───── INFORMATION PROVIDED

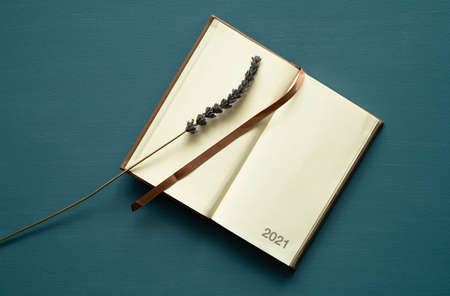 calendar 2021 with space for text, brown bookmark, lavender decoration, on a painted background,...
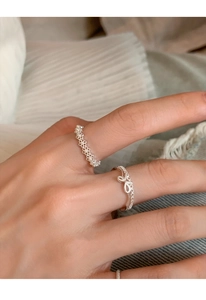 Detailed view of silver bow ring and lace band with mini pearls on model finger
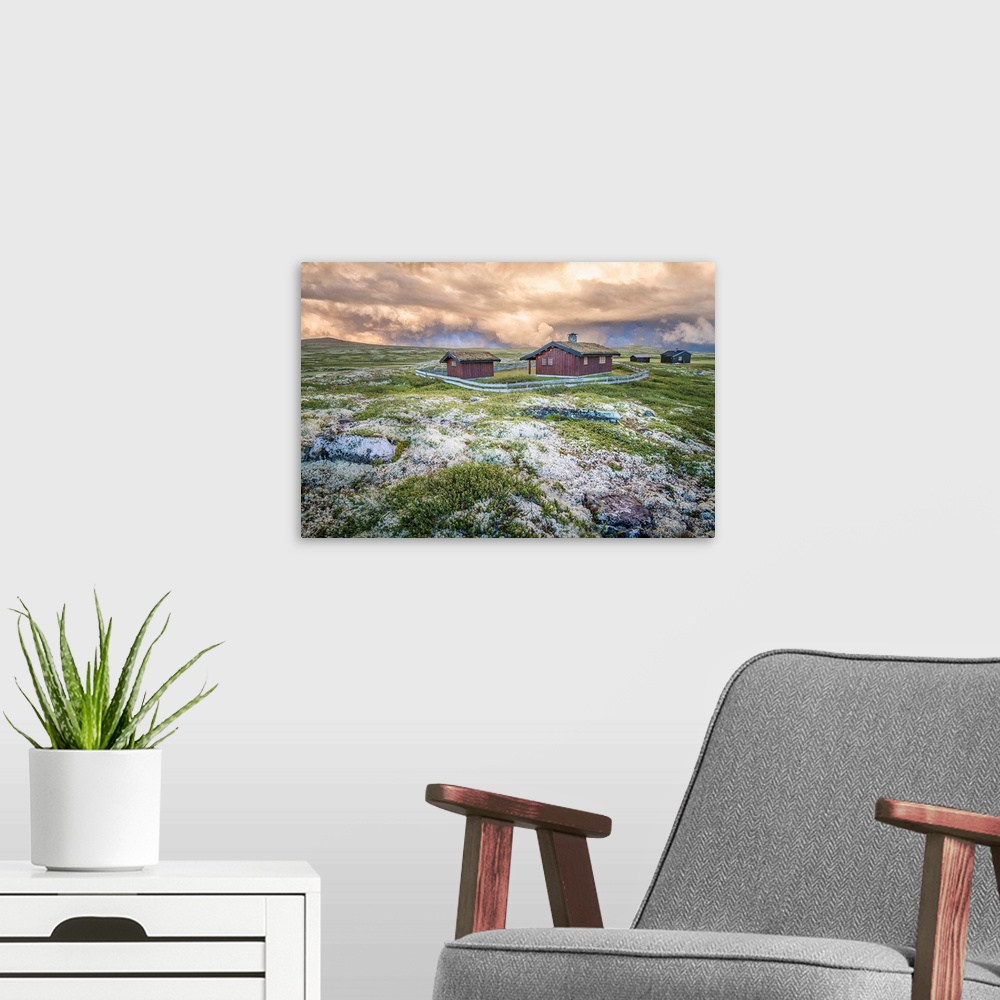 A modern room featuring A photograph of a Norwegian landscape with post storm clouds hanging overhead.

──────────
───── INFORMATION PROVIDED

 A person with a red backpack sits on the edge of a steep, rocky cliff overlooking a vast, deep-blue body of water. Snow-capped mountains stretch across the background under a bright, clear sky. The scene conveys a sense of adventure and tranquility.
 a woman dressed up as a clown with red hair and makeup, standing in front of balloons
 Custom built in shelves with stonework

──────────

-- AIM OF THE EXERCISE --
Give the lines above again exactly, from the one containing "Detailed view of" to the one containing "A modern room", both included, but leave out the pictures.

-- SOLVED PROBLEM --
 Detailed view of silver bow ring and lace band with mini pearls on model finger
 A modern room featuring A photograph of a Norwegian landscape with post storm clouds hanging overhead.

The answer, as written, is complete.